English · 简体中文 · Documentation


A familiar story

It's 23:00. You launched a 32-config Optuna sweep on the lab's workstations and went to dinner. At 02:00 you wake up worried, SSH in, and discover:

  • two of the eight GPUs have sat at 0% for four hours — a dataloader stalled and the loop never crashed;
  • one trial died at epoch 47 of 50 with CUDA out of memory, but the only trace is a 600 MB stdout.log you don't want to read;
  • when you re-run the dead trial it lands as a new batch in your notes, fragmenting the sweep across two rows;
  • your advisor pings: "which trial won — can I see the loss curve?";
  • the PI on Slack: "is anyone using gpu-03 right now?".

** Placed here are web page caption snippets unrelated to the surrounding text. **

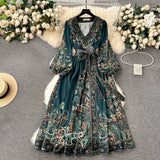 Early Spring New French High-End Style One-Piece Lace-Up Waist Printed Dress Women's Light Extravagant And Elegant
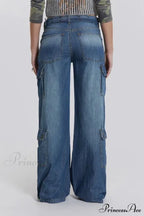 Wide Leg High Waist Patchwork Baggy Cargo Streetwear Y2k Vintage Denim Jean Stylish Loose High Waist Solid Color Casual Wild Wide Leg Multi Pockets Jean New Skinny Elastic Denim High-Waisted European American Style Pack Hip Pencil Jean image 5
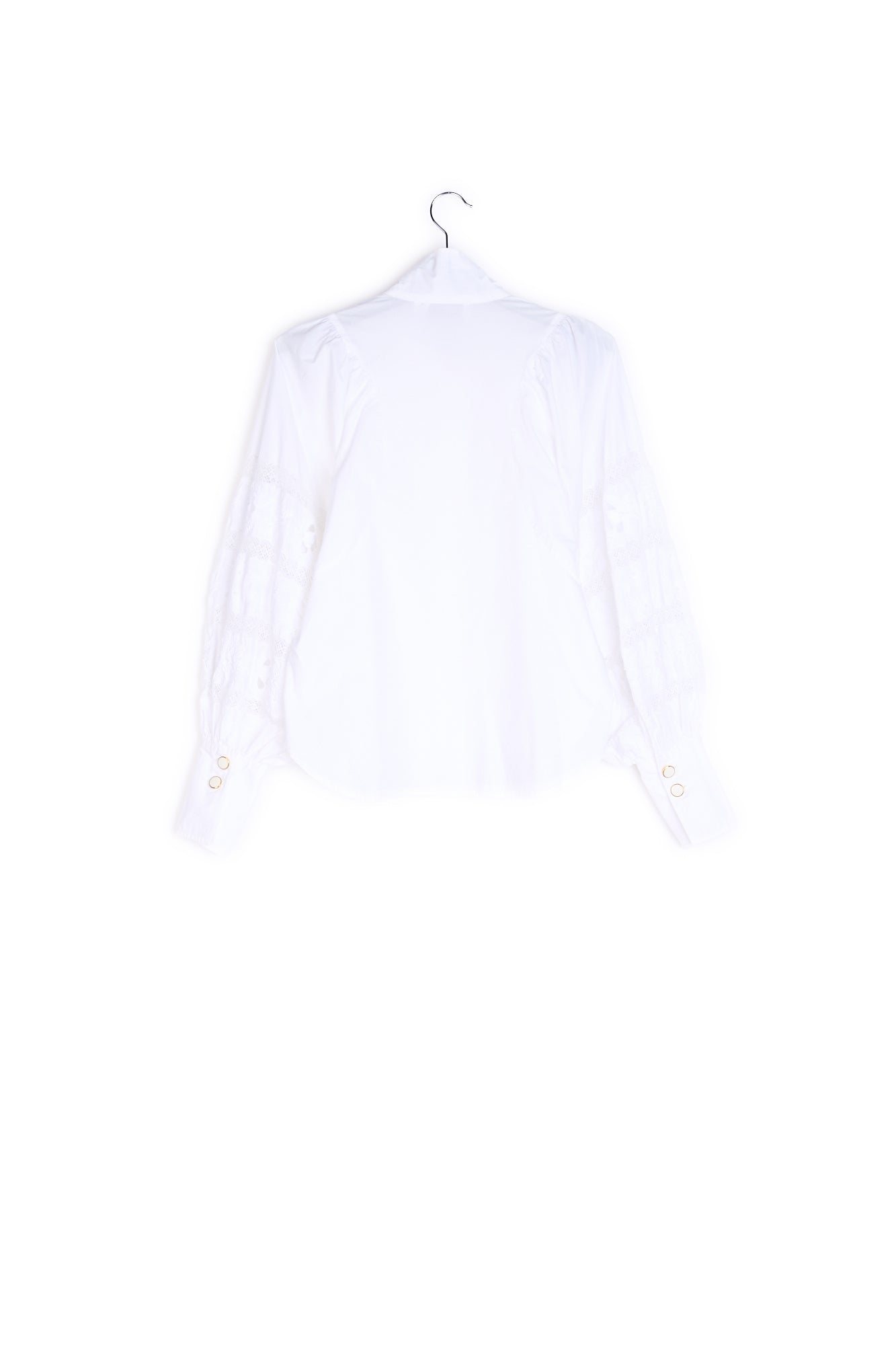 White baloon sleeves cotton and lace shirt RE—SSENTIEL | Essentiel second hand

Argus is the dashboard the author built after losing several nights to that exact story. It's an open-source experiment tracker for teams running long ML training jobs across one or many machines. You instrument your training script with a two-line Reporter SDK call, and Argus answers the questions above without your having to SSH in.

Pain → feature

The pain at 02:00 What Argus does
GPU has been at 0% for hours, training loop didn't notice Idle-job detectorresource_snapshot events every 30 s; flagged when GPU util < 5% for ARGUS_IDLE_JOB_THRESHOLD_MIN (default 10) min
Training script crashed but Argus still says running Stalled-batch detector — flips status to stalled after ARGUS_STALL_TIMEOUT_MIN (default 15) min of silence
Resumed run becomes a new batch — sweep history fragments Crash-resumederive_batch_id(project, experiment, git_sha) returns a deterministic id; pass Reporter(resume_from=…) and the resumed run appends to the original Batch row
Wandering through 600 MB of stdout to find the failure Tail of log_line events on the job detail page; full log streamed via SSE
"Which trial won?" across a 32-config sweep JobMatrix — one global best (green border + trophy) and one global worst (red border + warning) on the primary metric across the whole model × dataset grid; CSV export for paper tables
"Show me the loss curves of trial #17" without a login Per-batch share links — opaque slug, read-only, revocable; or set the project visibility to public
200 lines of W&B / CSV glue per training script Two with blocks: with Reporter(...) opens a batch, with r.job(...) opens a job, job.epoch(...) streams metrics; failures auto-emit job_failed
Optuna sweeps need their own dashboard Studies tab — scatter, parallel-coordinates and parameter-importance from optuna.{study_name, trial_number} labels Sibyl's monitor callback stamps on job_start
"Re-run that failed trial, but I'm at home and the box is on campus" Rerun button on a finished batch sends a kind=rerun command to the argus-agent daemon on the origin host; the agent calls subprocess.Popen with the recorded env_snapshot.command
"Stop this run, I changed the hyperparameter" Stop button flips a flag your loop reads via if job.stopped: break (10 s polling); the agent escalates to SIGTERM if the SDK isn't running
Co-authors all want notifications, but each on their own terms Per-user prefs (email-on-batch-done, email-on-job-failed, daily digest) + per-project recipient routing — a project mails its event list, but each recipient's prefs win
"Where did this batch's command line go?" env_snapshot (git SHA, command, cwd, hostname) recorded on batch_start; one-click Copy command in the UI
Hydra training, want monitoring without code changes argus.integrations.hydra.ArgusCallback — wire under hydra.callbacks once, every python main.py … (and -m sweeps) emits a batch automatically
Lightning / Keras training, same story argus.integrations.{lightning,keras}.ArgusCallback drop-in callbacks
"I want to deploy this on our airgapped cluster" Single Docker image (FastAPI + Vue 3 + SQLite by default). No SaaS, no telemetry. Optional Postgres for multi-host.

Quickstart (60 seconds)

git clone https://github.com/leehom0123/argus.git
cd argus/deploy
cp .env.example .env

# Generate a JWT secret (>=32 bytes is enforced when ARGUS_ENV=prod)
python3 -c "import secrets; print('ARGUS_JWT_SECRET=' + secrets.token_urlsafe(48))" >> .env

docker compose up -d --build
# Open http://localhost:8000 — register the first account; it becomes admin.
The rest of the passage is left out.